[Opening ENTRIES PROVIDED section]
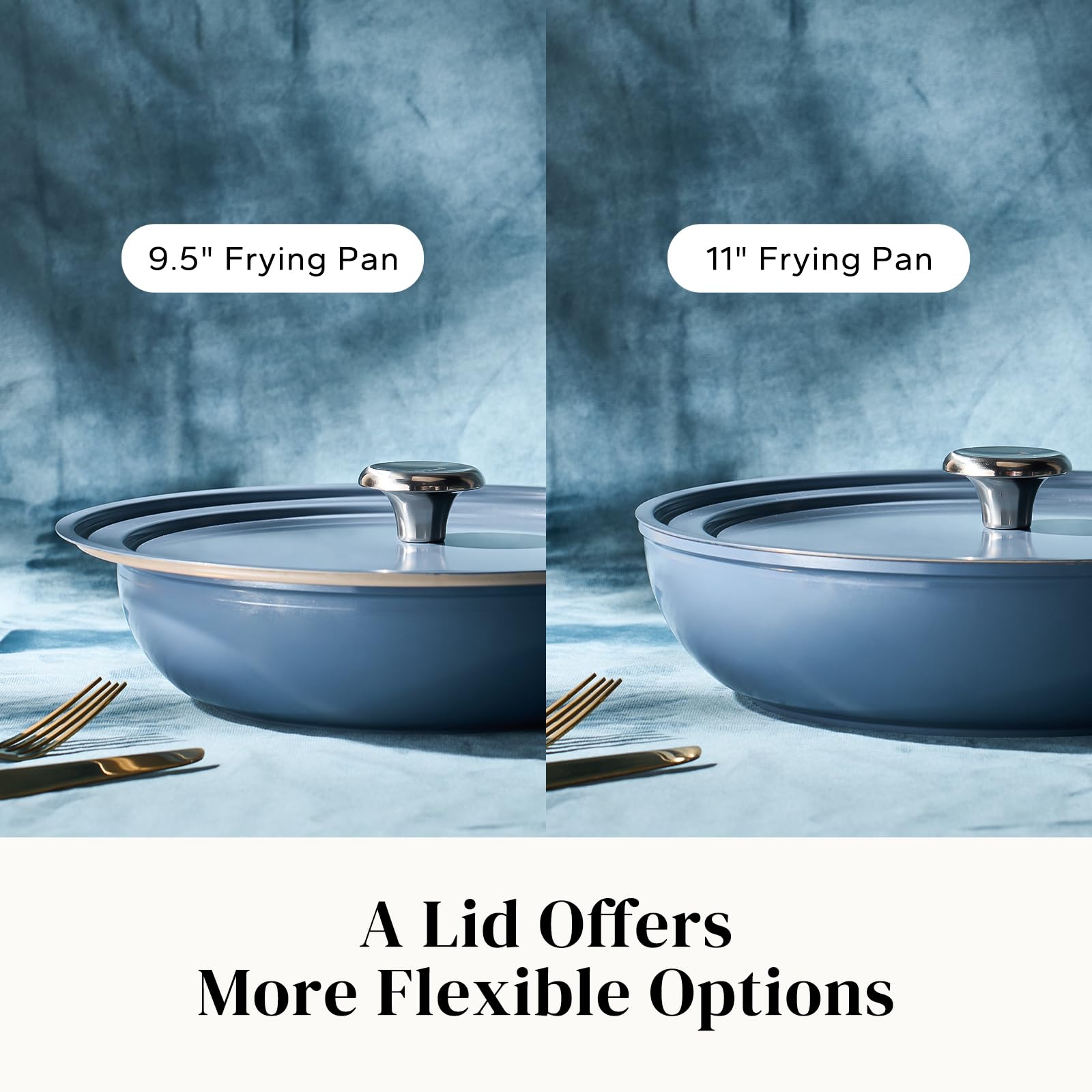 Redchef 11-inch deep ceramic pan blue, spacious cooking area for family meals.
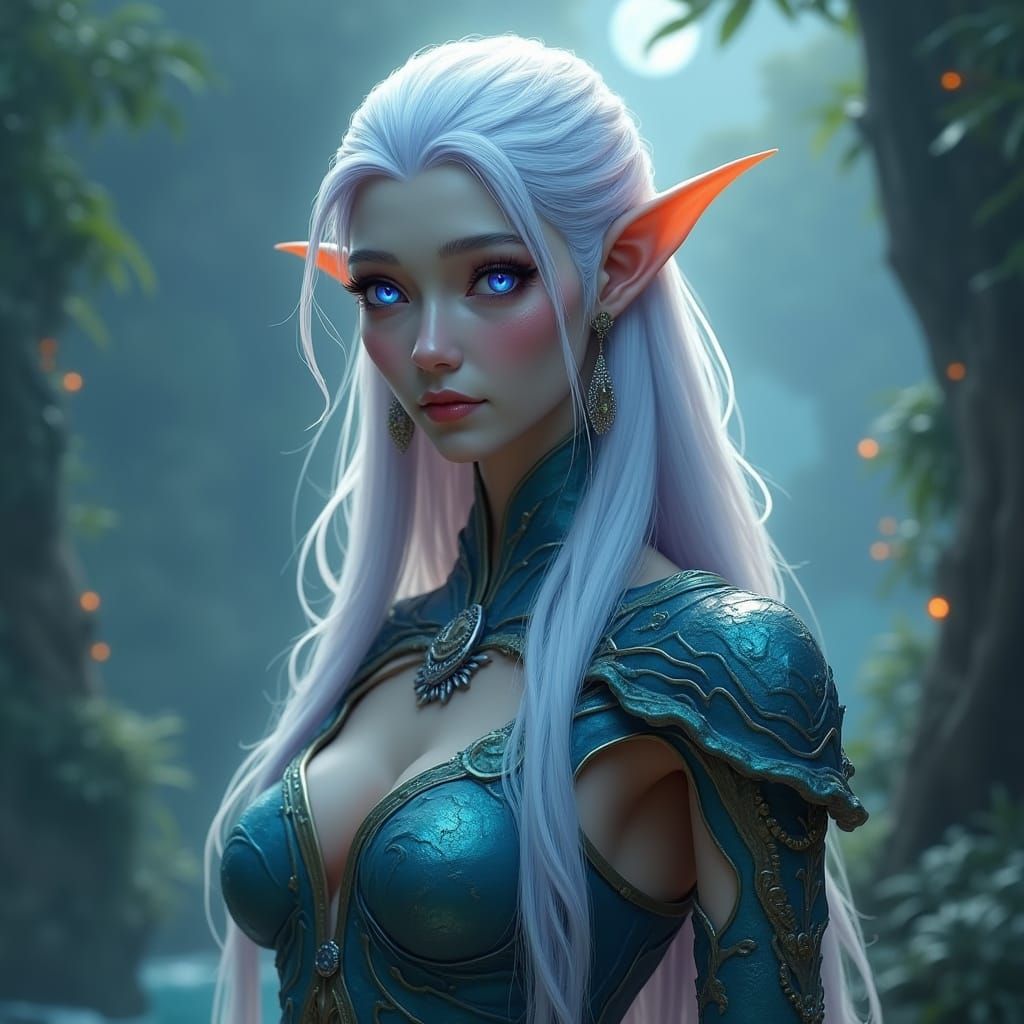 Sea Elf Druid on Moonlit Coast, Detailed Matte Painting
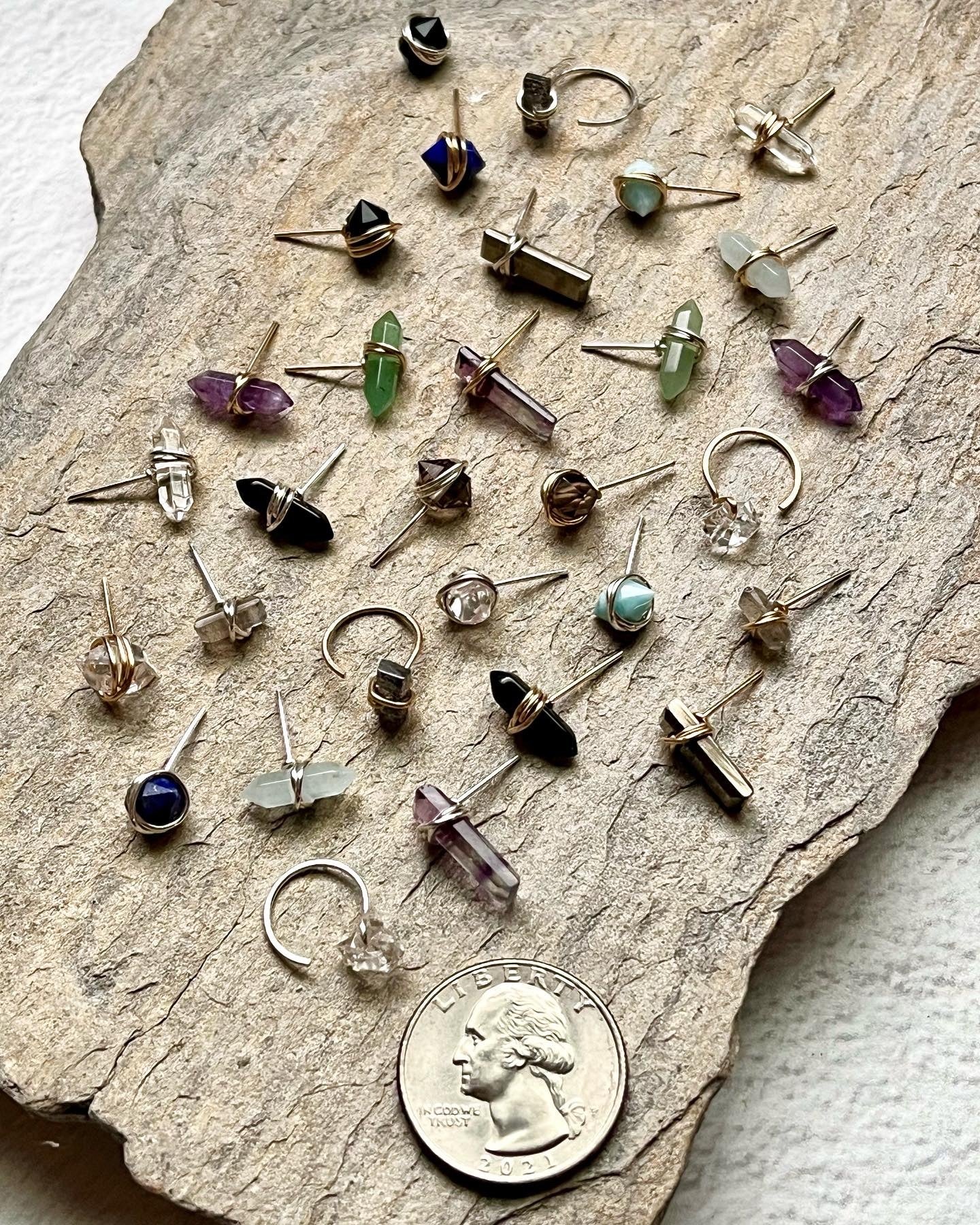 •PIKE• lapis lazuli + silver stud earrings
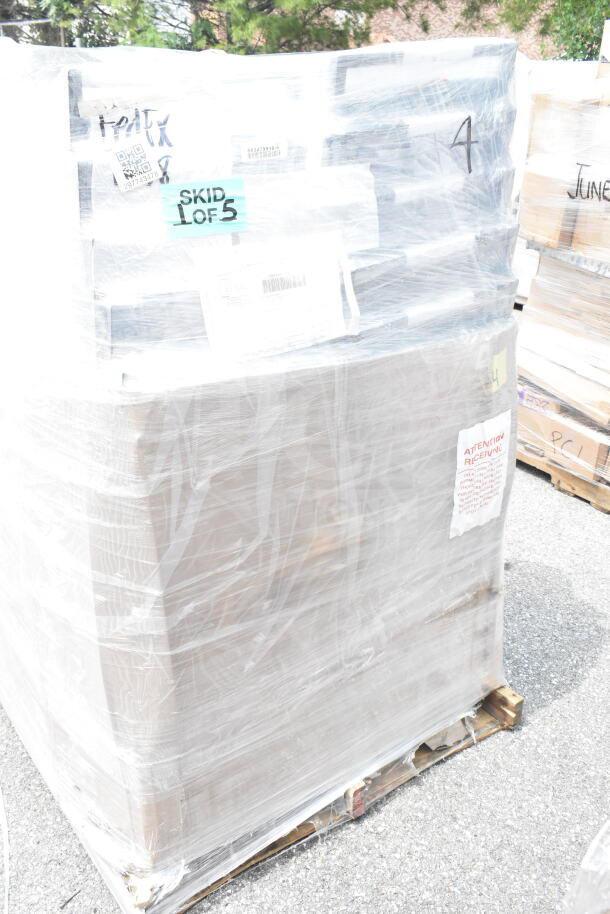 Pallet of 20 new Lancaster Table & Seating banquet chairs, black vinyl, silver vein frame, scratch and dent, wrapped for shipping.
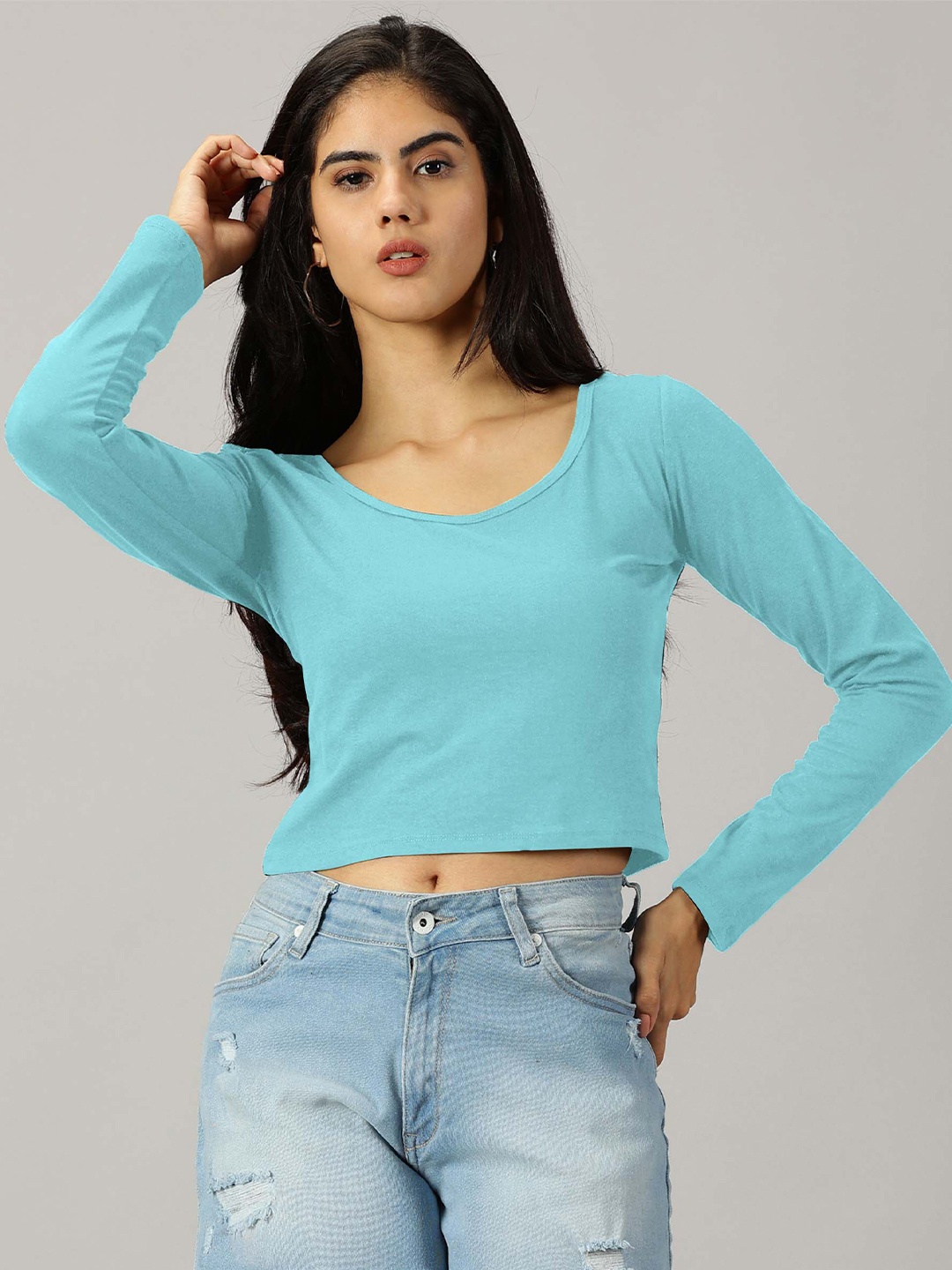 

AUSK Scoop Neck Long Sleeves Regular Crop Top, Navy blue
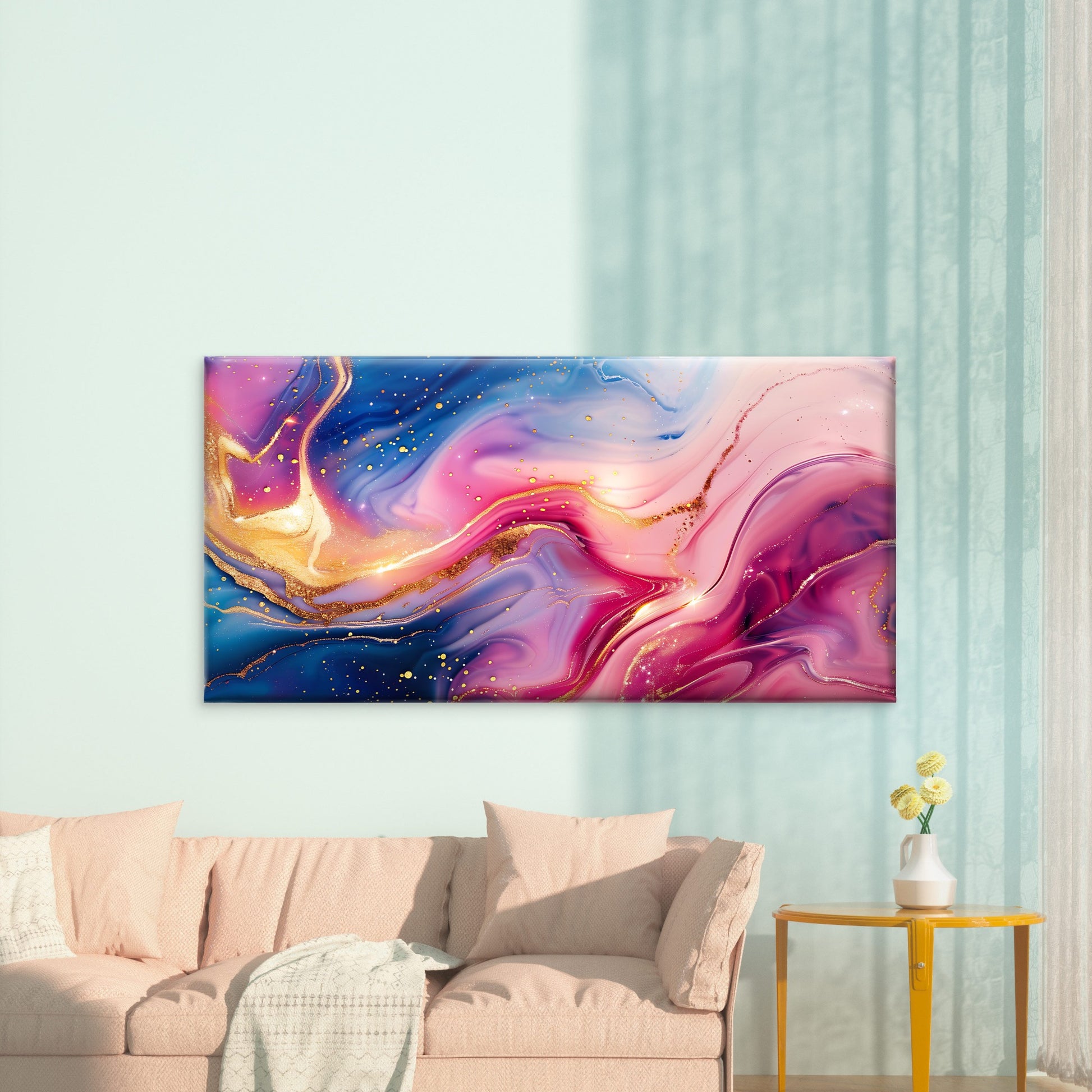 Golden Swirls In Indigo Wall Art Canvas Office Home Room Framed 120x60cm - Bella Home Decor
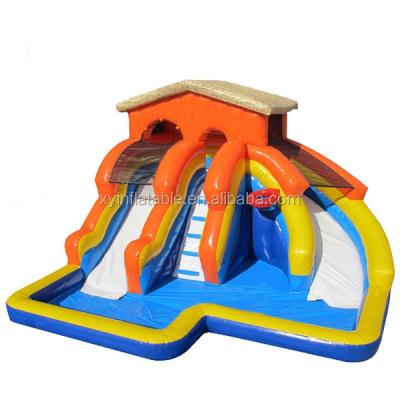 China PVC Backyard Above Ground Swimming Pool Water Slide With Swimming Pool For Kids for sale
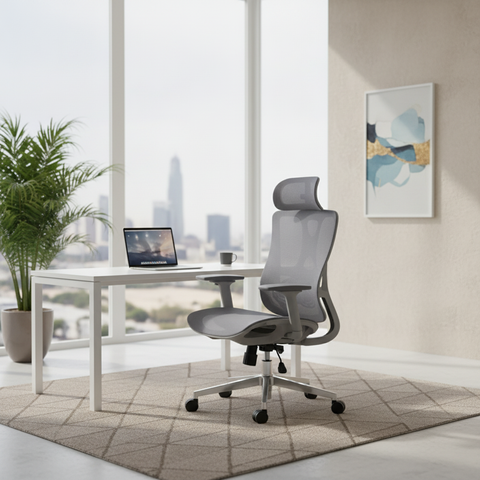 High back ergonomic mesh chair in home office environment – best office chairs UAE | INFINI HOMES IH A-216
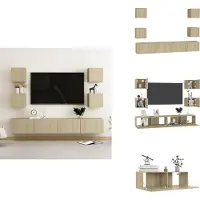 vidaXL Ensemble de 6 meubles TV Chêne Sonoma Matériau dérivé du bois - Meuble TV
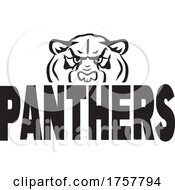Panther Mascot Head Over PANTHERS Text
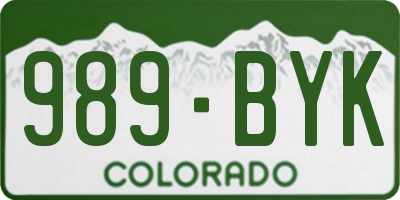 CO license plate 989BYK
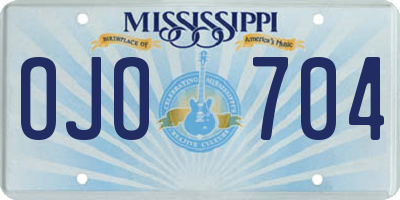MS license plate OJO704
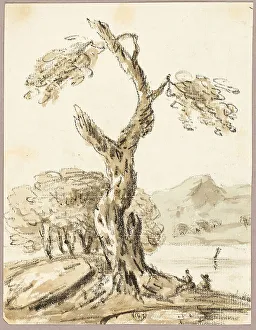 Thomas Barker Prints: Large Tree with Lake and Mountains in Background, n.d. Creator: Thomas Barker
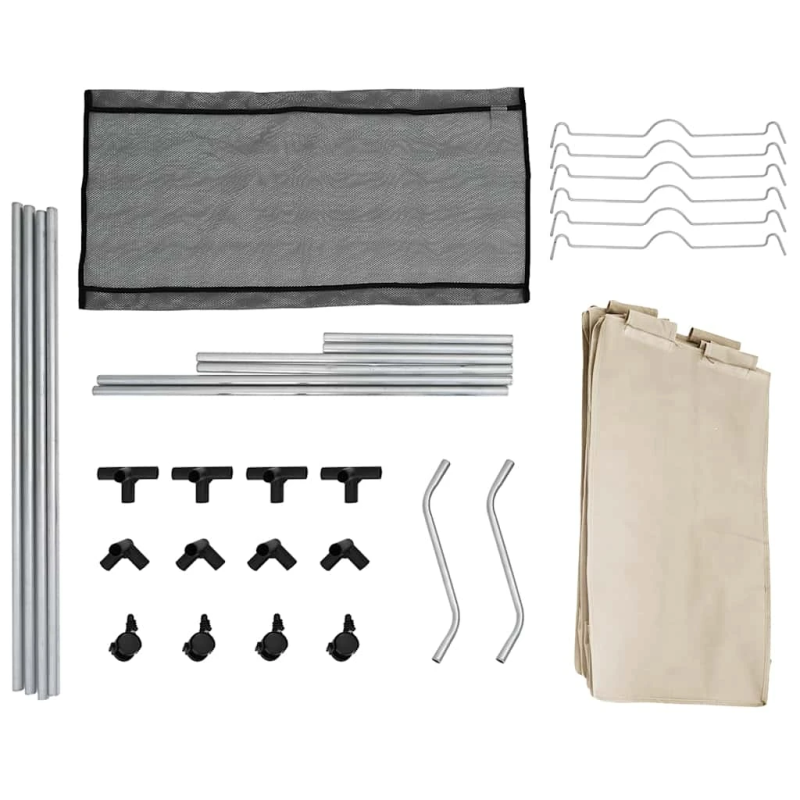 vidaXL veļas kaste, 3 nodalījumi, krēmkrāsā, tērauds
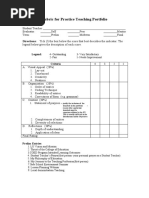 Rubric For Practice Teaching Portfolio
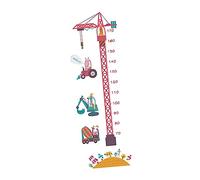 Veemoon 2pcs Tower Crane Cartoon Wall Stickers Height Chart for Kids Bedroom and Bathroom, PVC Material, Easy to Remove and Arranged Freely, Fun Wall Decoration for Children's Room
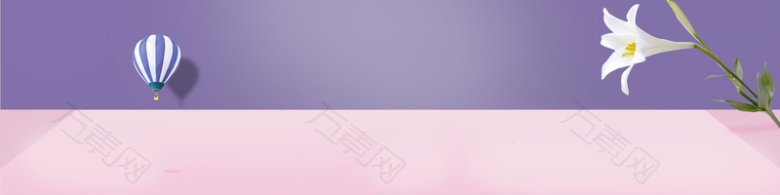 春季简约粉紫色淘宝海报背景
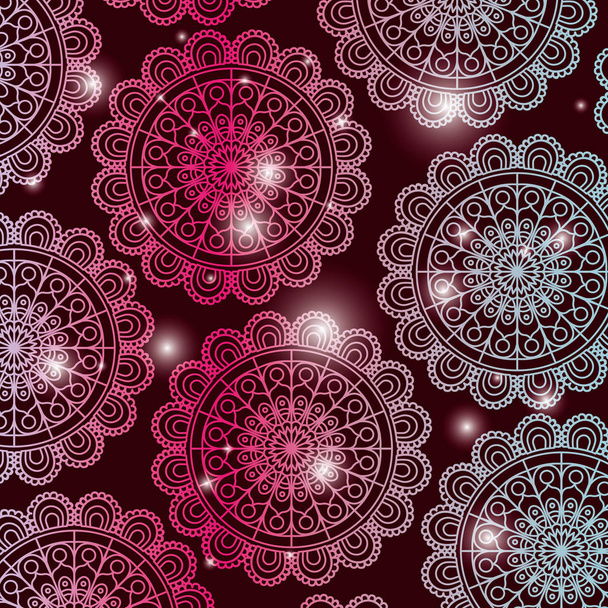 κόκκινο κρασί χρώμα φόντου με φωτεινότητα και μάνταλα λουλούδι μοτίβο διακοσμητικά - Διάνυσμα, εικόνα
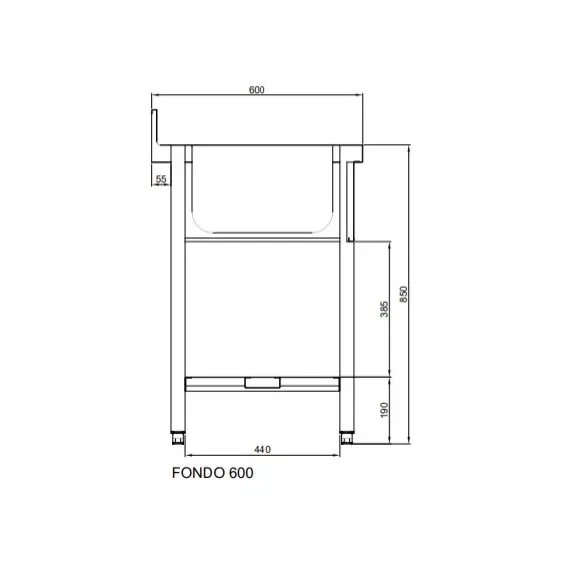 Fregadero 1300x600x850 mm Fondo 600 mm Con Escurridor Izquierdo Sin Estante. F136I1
[Closing ENTRIES PROVIDED section]
**TASK TO COMPLETE**.
Transcribe each record above exactly, leaving every picture out of the copy.

**SOLUTION FOR THIS PROBLEM**.
 Redchef 11-inch deep ceramic pan blue, spacious cooking area for family meals.
 Sea Elf Druid on Moonlit Coast, Detailed Matte Painting
 •PIKE• lapis lazuli + silver stud earrings
 Pallet of 20 new Lancaster Table & Seating banquet chairs, black vinyl, silver vein frame, scratch and dent, wrapped for shipping.

AUSK Scoop Neck Long Sleeves Regular Crop Top, Navy blue
 Golden Swirls In Indigo Wall Art Canvas Office Home Room Framed 120x60cm - Bella Home Decor
 China PVC Backyard Above Ground Swimming Pool Water Slide With Swimming Pool For Kids for sale
 High back ergonomic mesh chair in home office environment – best office chairs UAE | INFINI HOMES IH A-216
 vidaXL Ensemble de 6 meubles TV Chêne Sonoma Matériau dérivé du bois - Meuble TV
Panther Mascot Head Over PANTHERS Text
 CO license plate 989BYK
MS license plate OJO704
 Thomas Barker Prints: Large Tree with Lake and Mountains in Background, n.d. Creator: Thomas Barker
 vidaXL veļas kaste, 3 nodalījumi, krēmkrāsā, tērauds
 Rubric For Practice Teaching Portfolio
 Veemoon 2pcs Tower Crane Cartoon Wall Stickers Height Chart for Kids Bedroom and Bathroom, PVC Material, Easy to Remove and Arranged Freely, Fun Wall Decoration for Children's Room
 春季简约粉紫色淘宝海报背景
 κόκκινο κρασί χρώμα φόντου με φωτεινότητα και μάνταλα λουλούδι μοτίβο διακοσμητικά - Διάνυσμα, εικόνα
 Fregadero 1300x600x850 mm Fondo 600 mm Con Escurridor Izquierdo Sin Estante. F136I1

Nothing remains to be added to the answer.